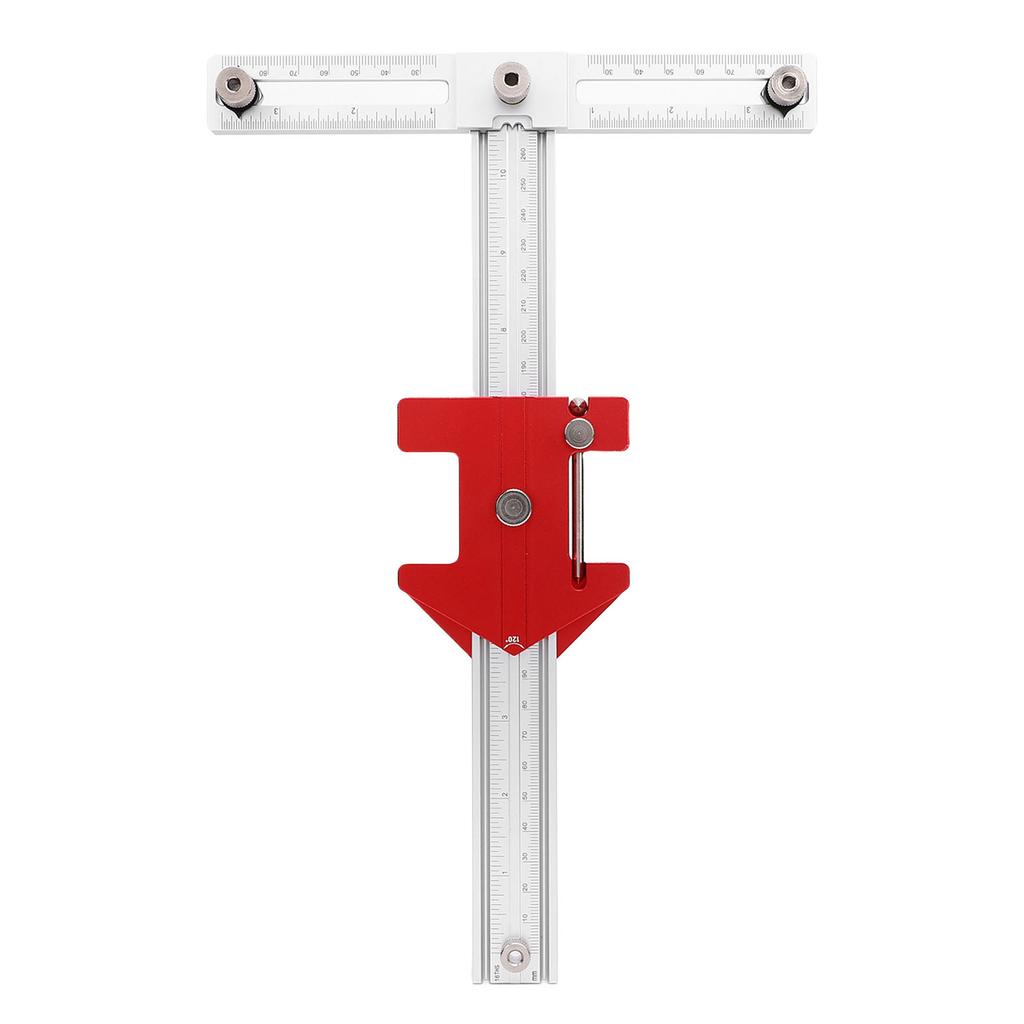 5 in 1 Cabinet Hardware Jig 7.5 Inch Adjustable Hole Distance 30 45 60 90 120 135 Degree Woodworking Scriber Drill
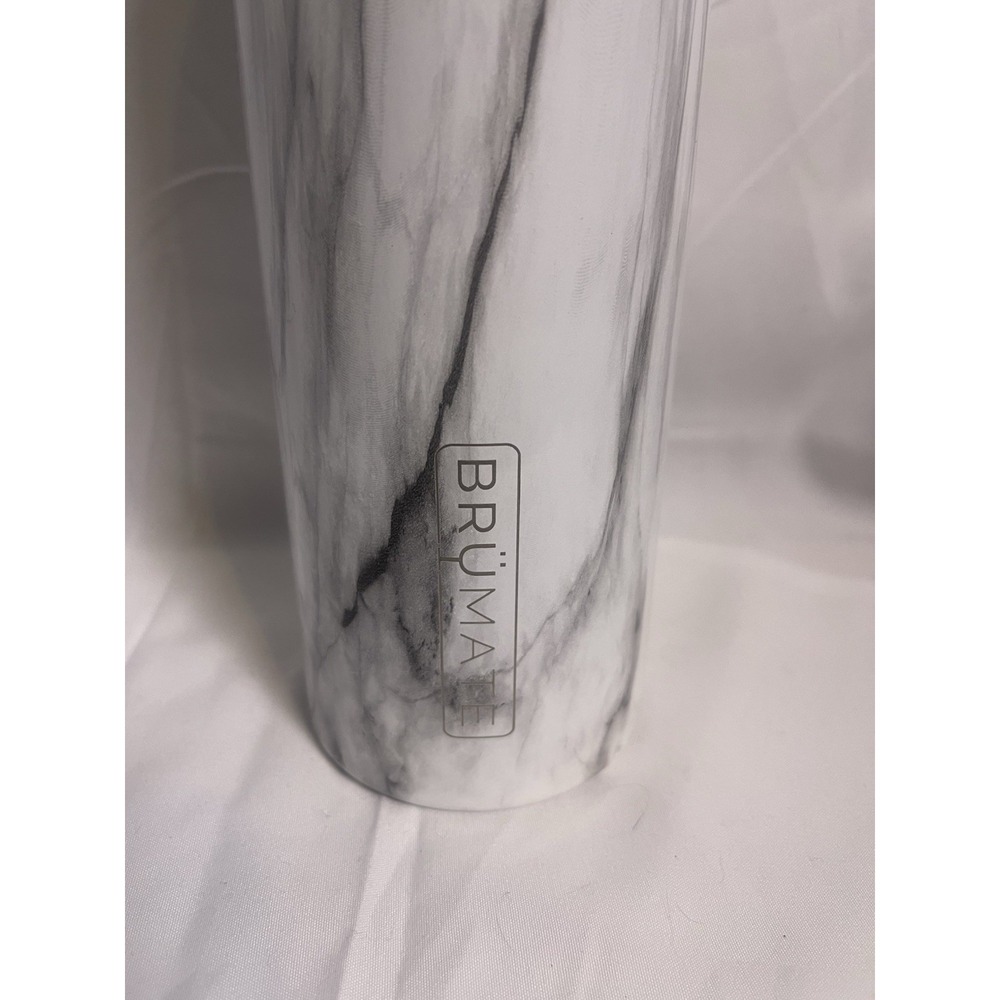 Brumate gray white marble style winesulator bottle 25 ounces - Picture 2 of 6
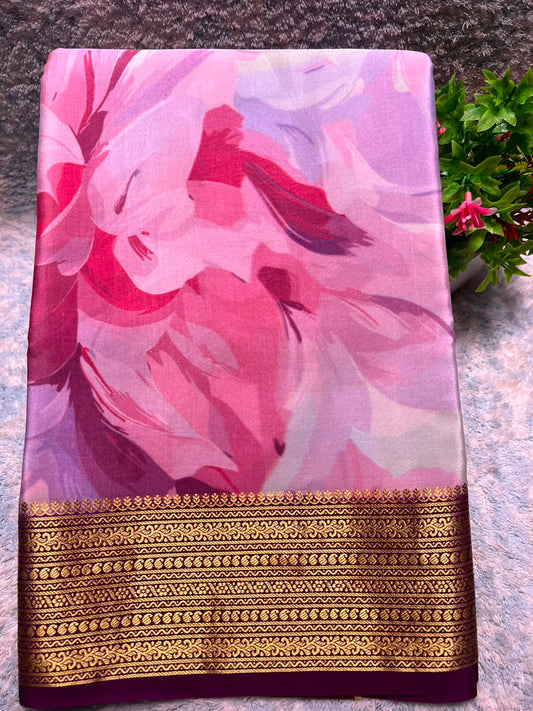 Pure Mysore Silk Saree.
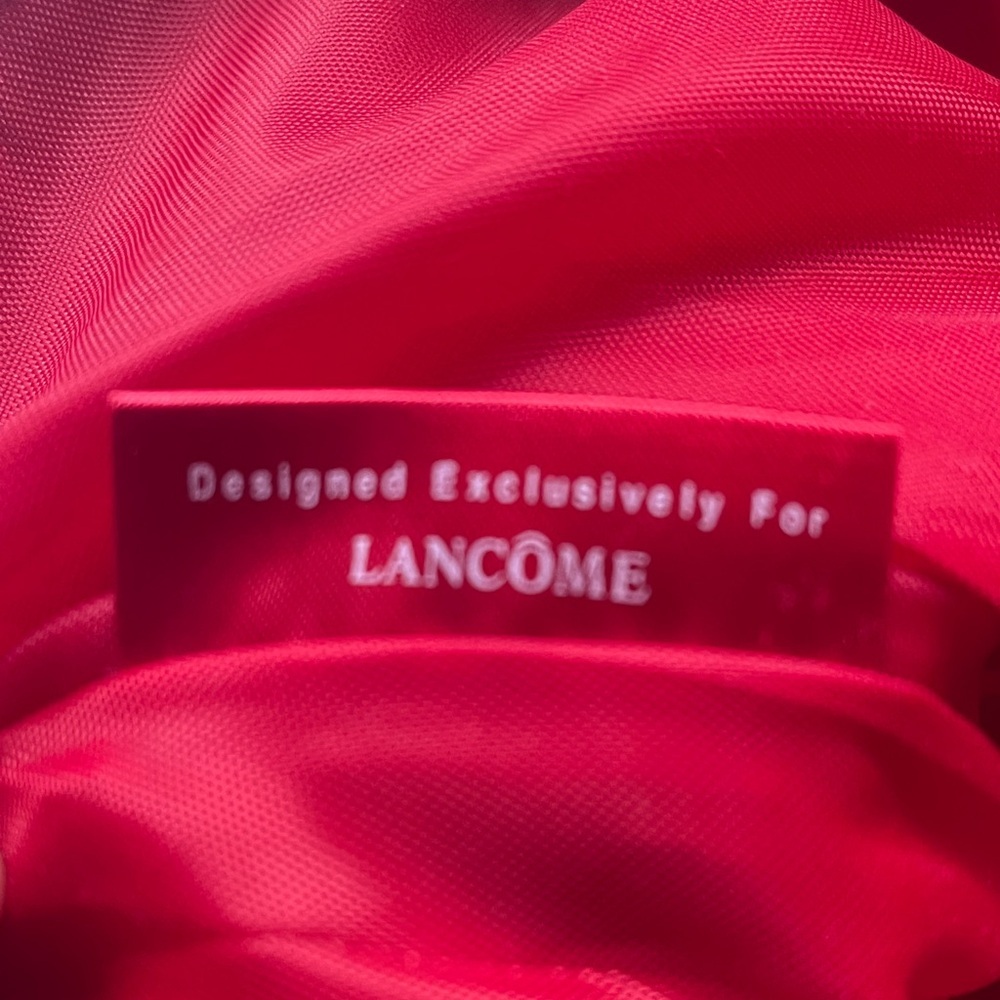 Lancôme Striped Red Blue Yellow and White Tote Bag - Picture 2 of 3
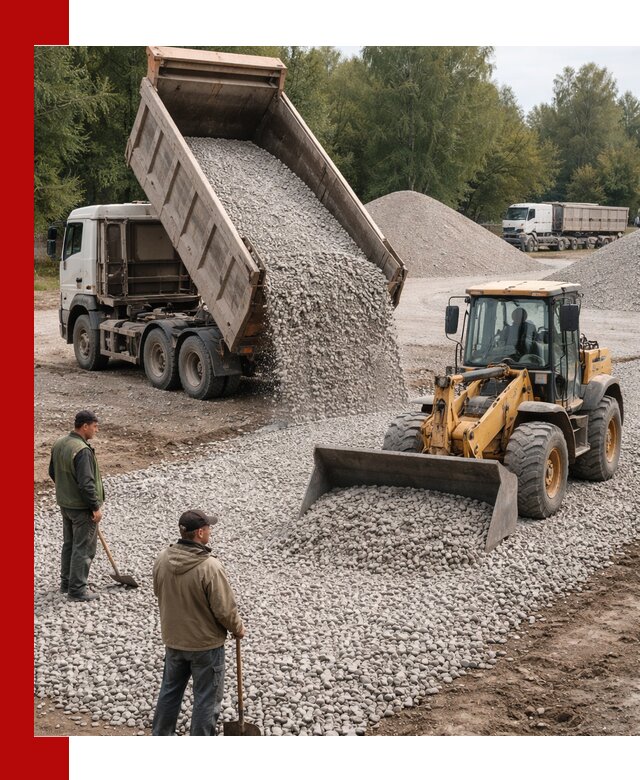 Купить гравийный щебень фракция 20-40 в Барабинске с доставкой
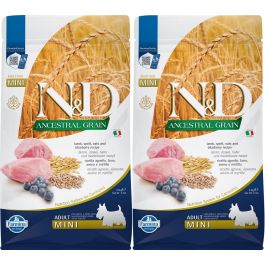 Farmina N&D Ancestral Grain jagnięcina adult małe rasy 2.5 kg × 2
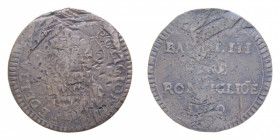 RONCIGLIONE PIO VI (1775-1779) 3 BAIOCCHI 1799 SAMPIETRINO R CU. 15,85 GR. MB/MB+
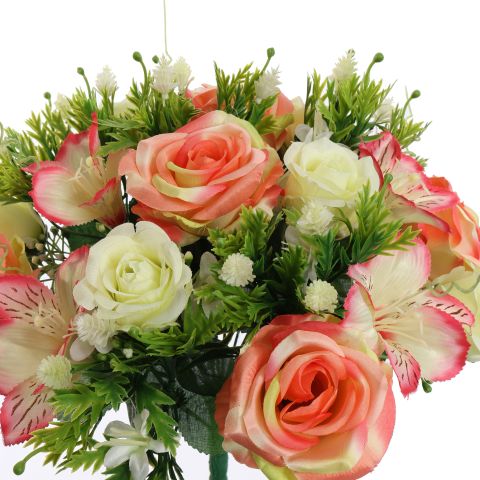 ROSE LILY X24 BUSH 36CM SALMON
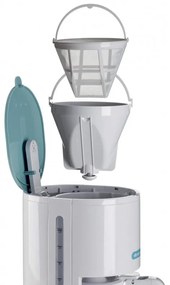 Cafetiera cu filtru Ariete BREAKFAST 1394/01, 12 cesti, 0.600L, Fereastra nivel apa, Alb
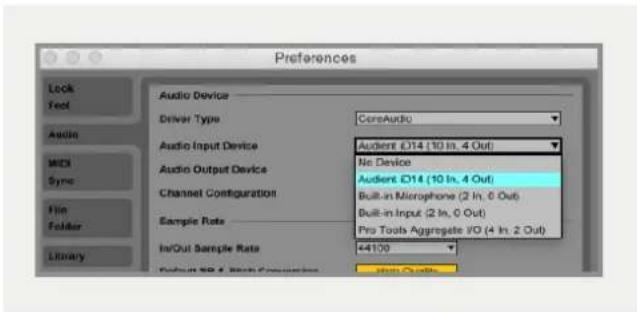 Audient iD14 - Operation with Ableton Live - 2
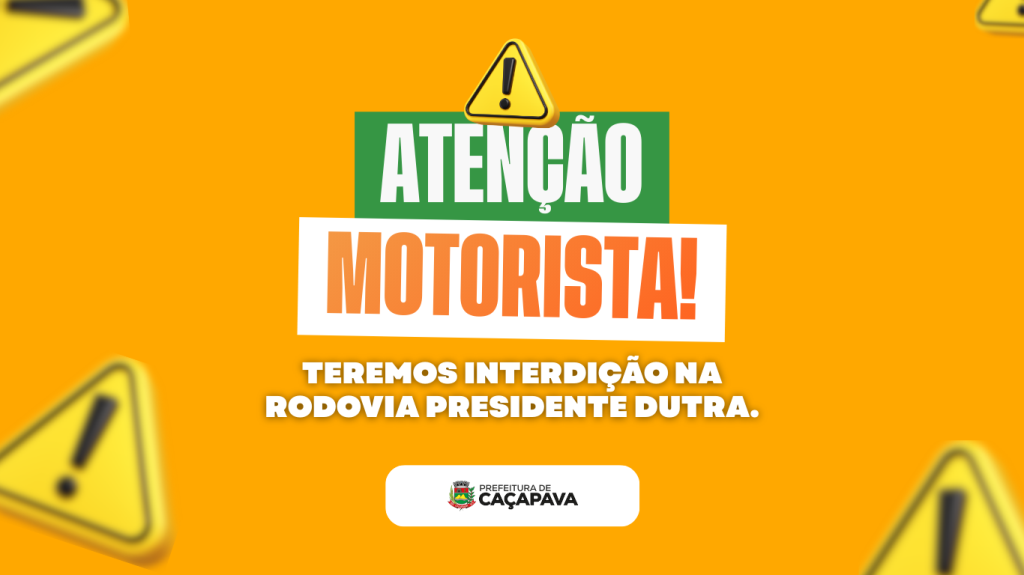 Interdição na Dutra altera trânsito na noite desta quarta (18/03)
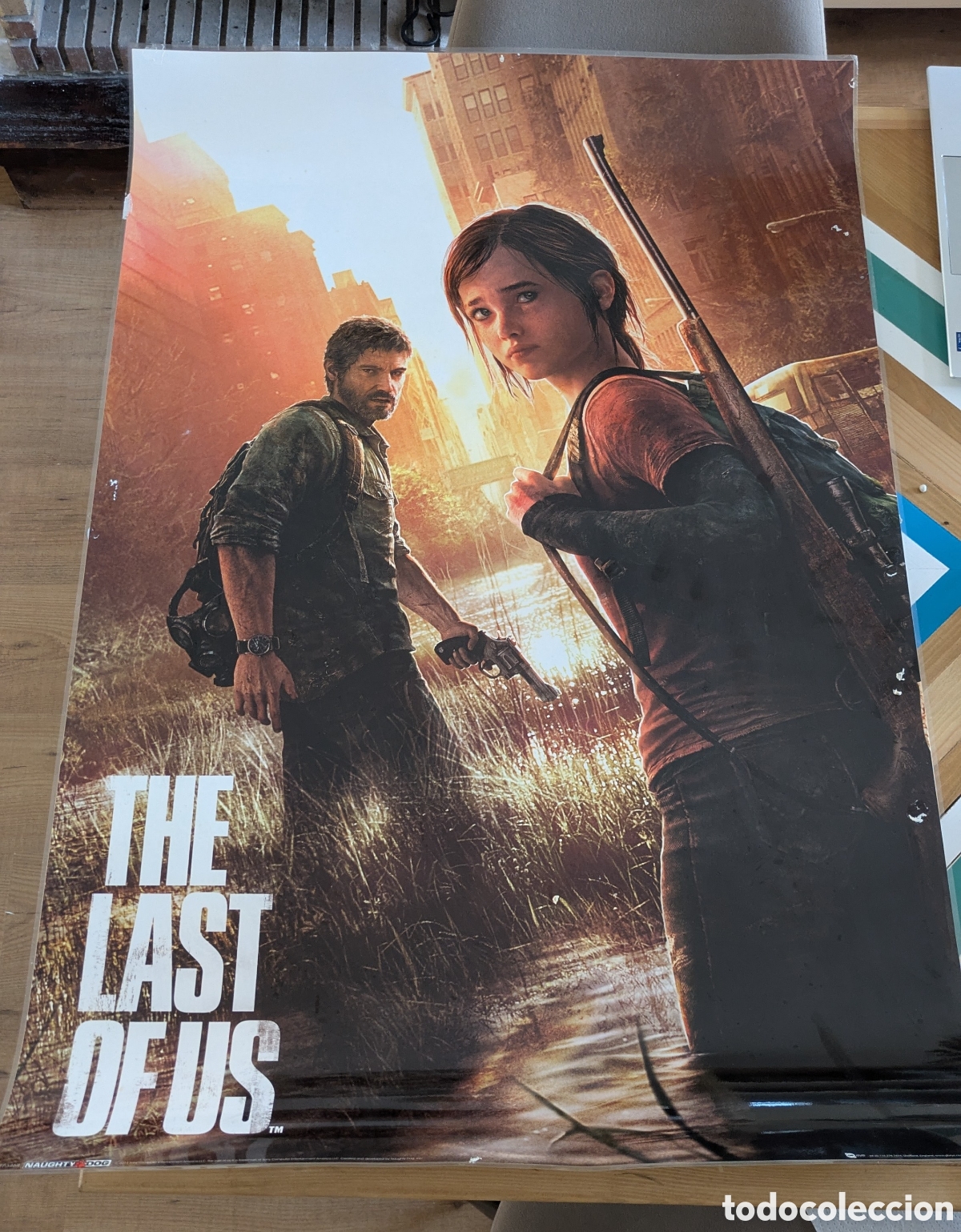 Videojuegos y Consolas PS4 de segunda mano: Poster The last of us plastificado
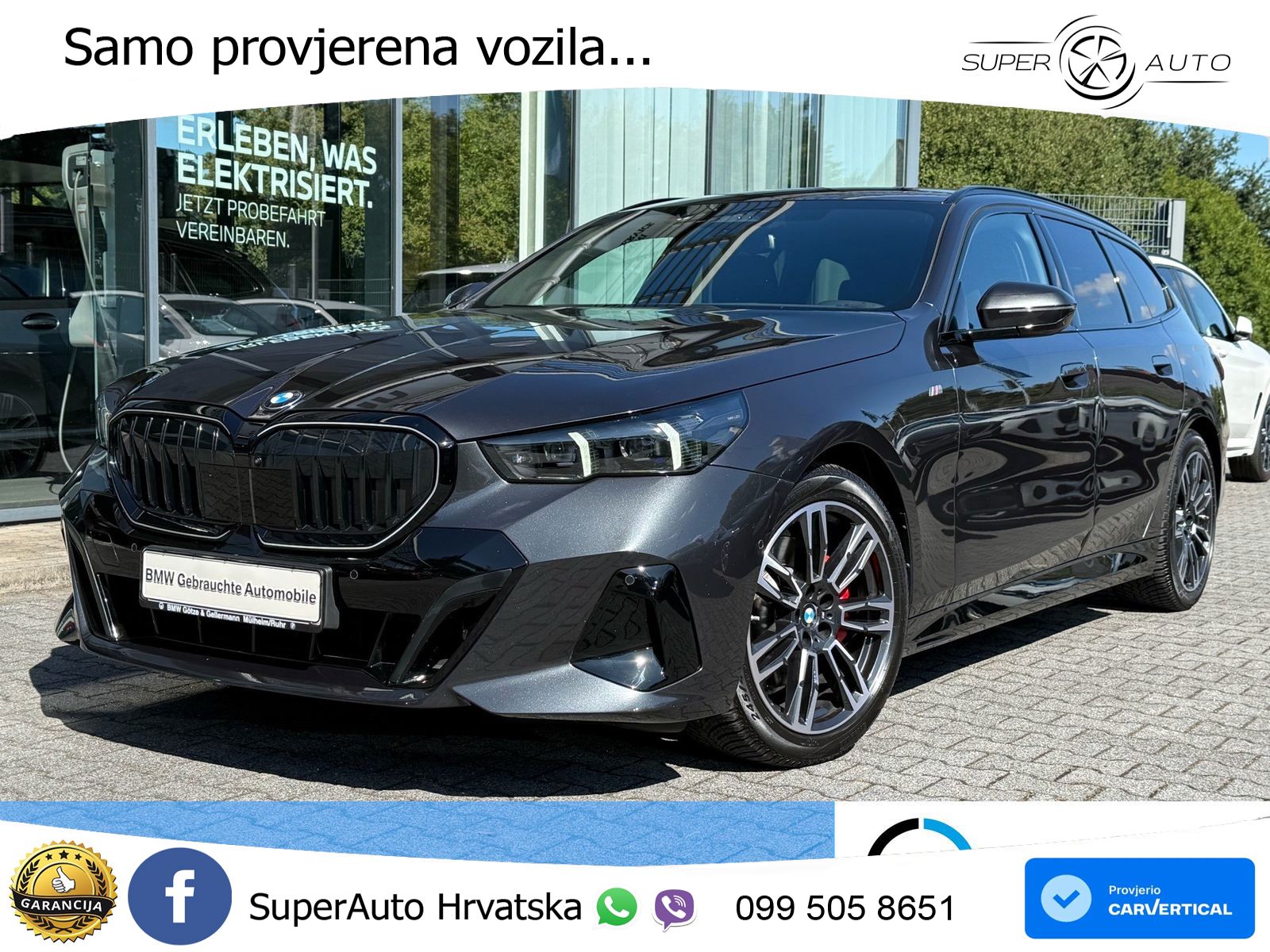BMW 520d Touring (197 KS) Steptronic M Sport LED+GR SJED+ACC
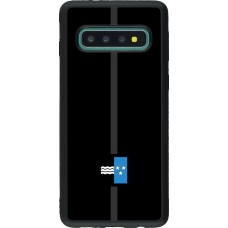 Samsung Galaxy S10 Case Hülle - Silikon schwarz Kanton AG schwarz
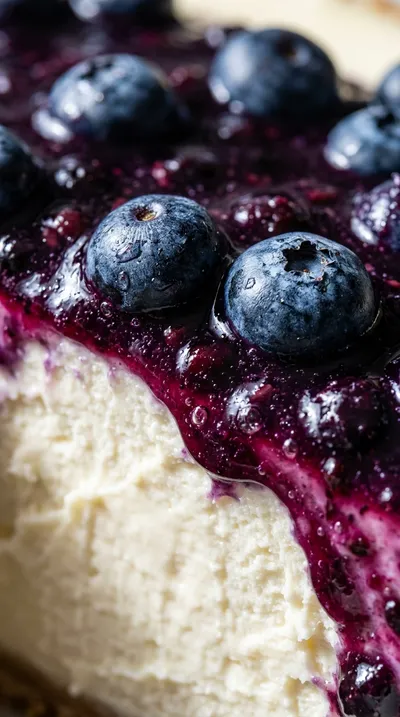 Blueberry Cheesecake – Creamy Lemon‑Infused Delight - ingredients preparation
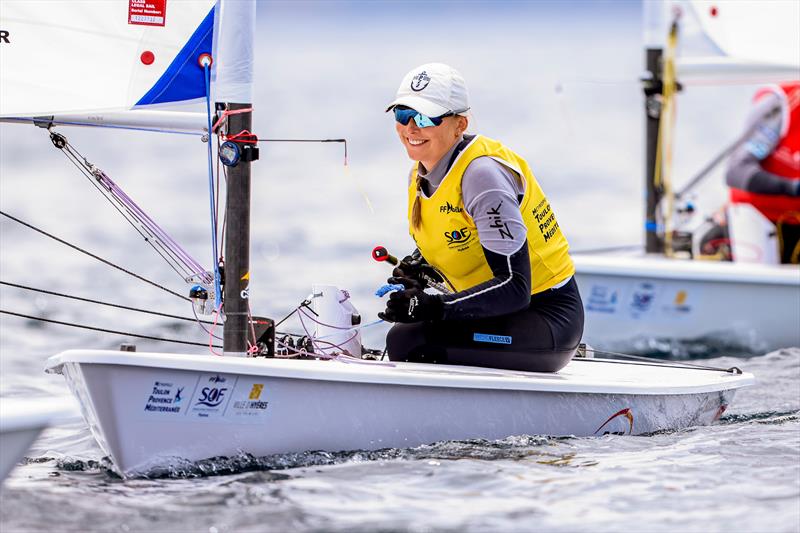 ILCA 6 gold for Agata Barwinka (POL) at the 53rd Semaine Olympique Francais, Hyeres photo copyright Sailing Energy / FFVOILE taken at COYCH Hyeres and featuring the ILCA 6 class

→ What this task involves
A faithful, word-for-word version of the records above is needed, with no images in it.

→ Result of this exercise
 5 in 1 Cabinet Hardware Jig 7.5 Inch Adjustable Hole Distance 30 45 60 90 120 135 Degree Woodworking Scriber Drill
 Brumate gray white marble style winesulator bottle 25 ounces - Picture 2 of 6
 Pure Mysore Silk Saree.
 Lancôme Striped Red Blue Yellow and White Tote Bag - Picture 2 of 3
 Купить гравийный щебень фракция 20-40 в Барабинске с доставкой
 Farmina N&D Ancestral Grain jagnięcina adult małe rasy 2.5 kg × 2
 RONCIGLIONE PIO VI (1775-1779) 3 BAIOCCHI 1799 SAMPIETRINO R CU. 15,85 GR. MB/MB+
 ROSE LILY X24 BUSH 36CM SALMON
 Cafetiera cu filtru Ariete BREAKFAST 1394/01, 12 cesti, 0.600L, Fereastra nivel apa, Alb
 Audient iD14 - Operation with Ableton Live - 2
 Interdição na Dutra altera trânsito na noite desta quarta (18/03)
 Videojuegos y Consolas PS4 de segunda mano: Poster The last of us plastificado
BMW 520d Touring (197 KS) Steptronic M Sport LED+GR SJED+ACC
 Samsung Galaxy S10 Case Hülle - Silikon schwarz Kanton AG schwarz
 Blueberry Cheesecake – Creamy Lemon‑Infused Delight - ingredients preparation
 ILCA 6 gold for Agata Barwinka (POL) at the 53rd Semaine Olympique Francais, Hyeres photo copyright Sailing Energy / FFVOILE taken at COYCH Hyeres and featuring the ILCA 6 class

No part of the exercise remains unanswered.